Première mondiale : vol en parapente au-dessus du K2

Une saison à la montagnedossier
Les alpinistes Liv Sansoz et Bertrand Roche ont gravi le deuxième plus haut sommet du monde avant de le descendre en parapente biplace. Un exploit qu’ils détaillent pour «Libération».
Les alpinistes Liv Sansoz et Bertrand Roche ont grimpé le K2 le 28 juillet dernier, puis se sont envolé en parapente biplace. (Collection Liv & Zeb)
publié le 25 septembre 2024 à 0h02
(mis à jour le 25 septembre 2024 à 16h18)

Ils ont réalisé une première. Grimper le K2 le 28 juillet dernier, puis s’envoler en parapente biplace. Les alpinistes Liv Sansoz (47 ans) et Bertrand Roche, guide de haute montagne (alias Zeb, 51 ans), spécialiste de parapente, étaient invités d’honneur de la Coupe Icare (1). Ils racontent cette première sans oxygène. En couple, ce qui n’est pas anodin.

Bertrand Roche explique : «On adore être ensemble, et je n’ai pas un mauvais caractère, plutôt un tempérament calme. Nous avons dirigé notre énergie vers la réussite du projet. Tranquilles sous la tente, concentrés sur l’effort. Au retour, les amis se sont inquiétés de notre entente. Mais non, il n’y avait pas de quoi.»

Liv Sansoz est spécialiste d’escalade pure, plutôt rocher. «On ne va pas être bons dans les mêmes domaines, poursuit Bertrand Roche. On marche au feeling. On sait lire le ciel. Cela fait quarante ans que je pratique le parapente. Je regarde la neige qui vole, la forme de certains nuages… On a bien sûr une info météo mais qu’on va confirmer sur le terrain. Y aller reste notre choix.»
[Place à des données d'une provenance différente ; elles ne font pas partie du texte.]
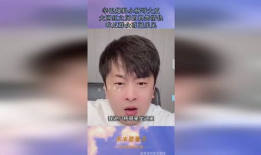 网红狗哥爆料吃瓜,揭秘娱乐圈吃瓜大事件！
Le guide poursuit : «une fois qu’on est lancé, il ne faut pas rester trop longtemps en haute altitude. Deux jours là-haut, c’est compliqué… 8 611 mètres au sommet ! Il faut savoir prendre les bonnes décisions, car on n’a pas toute sa tête (avec le manque d’oxygène, ndlr). En grimpant, on vérifiait si l’autre se sentait bien, pour éviter de se retrouver comme des zombies, sans savoir quoi faire». Propos que confirme Liv Sansoz : «Il faut s’entraîner à rester lucide, rapide en altitude, car on peut commencer à avoir des hallucinations.»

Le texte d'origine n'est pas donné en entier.